DATASET EXCERPTS.

===============

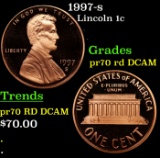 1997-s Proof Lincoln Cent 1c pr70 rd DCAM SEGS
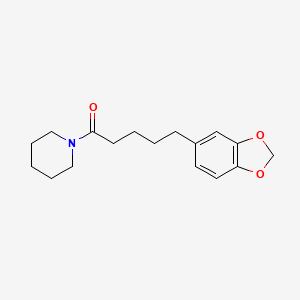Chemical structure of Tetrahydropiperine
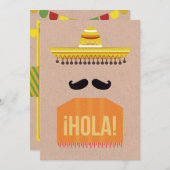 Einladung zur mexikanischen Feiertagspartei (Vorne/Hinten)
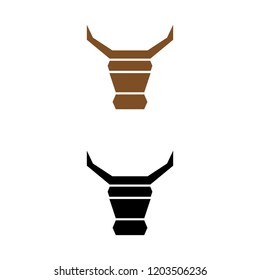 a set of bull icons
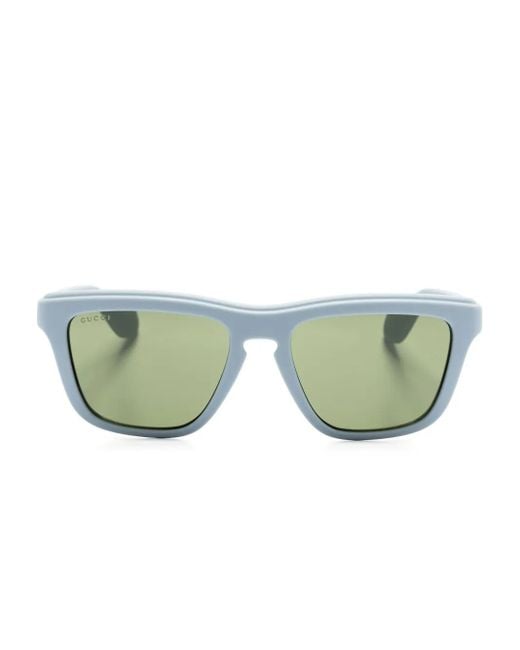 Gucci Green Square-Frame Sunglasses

===============

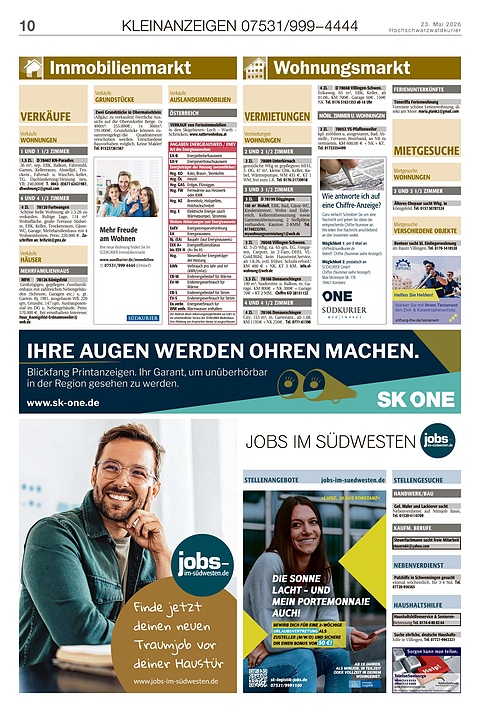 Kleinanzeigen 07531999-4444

===============

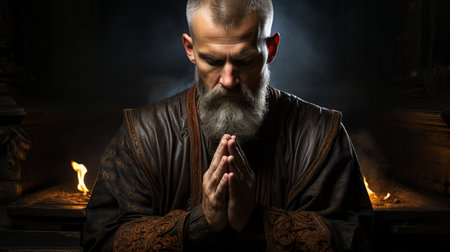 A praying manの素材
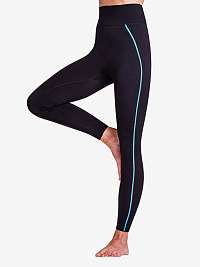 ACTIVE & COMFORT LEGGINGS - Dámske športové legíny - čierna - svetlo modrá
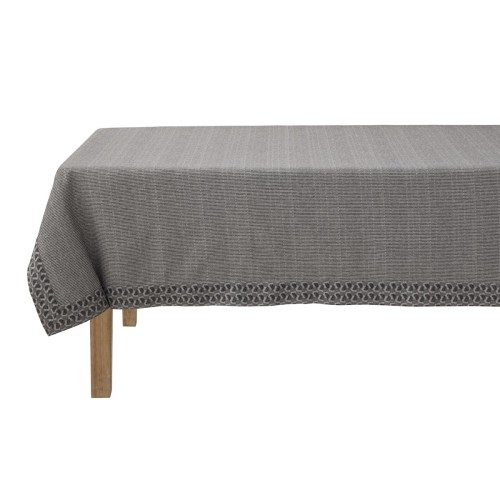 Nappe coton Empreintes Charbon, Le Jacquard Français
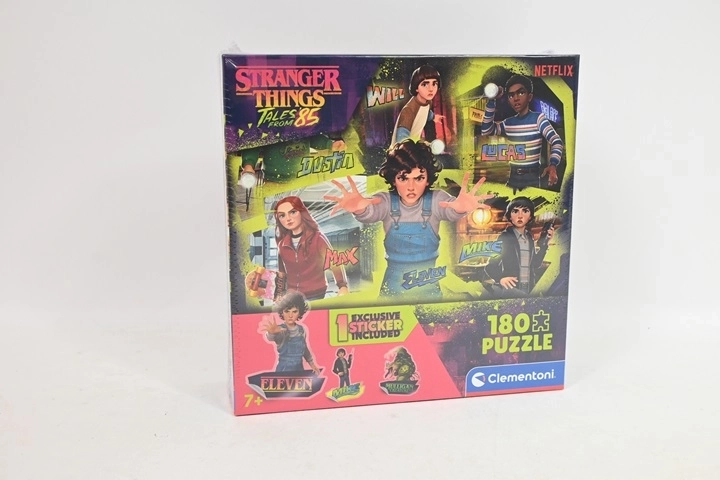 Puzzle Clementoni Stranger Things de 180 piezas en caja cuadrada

===============

Pictures are to be left out. Write out only the lines above starting at the one with "a set of bull icons" and ending at the one with "Gucci Green Square-Frame Sunglasses", both lines included, exactly.

 a set of bull icons
 Gucci Green Square-Frame Sunglasses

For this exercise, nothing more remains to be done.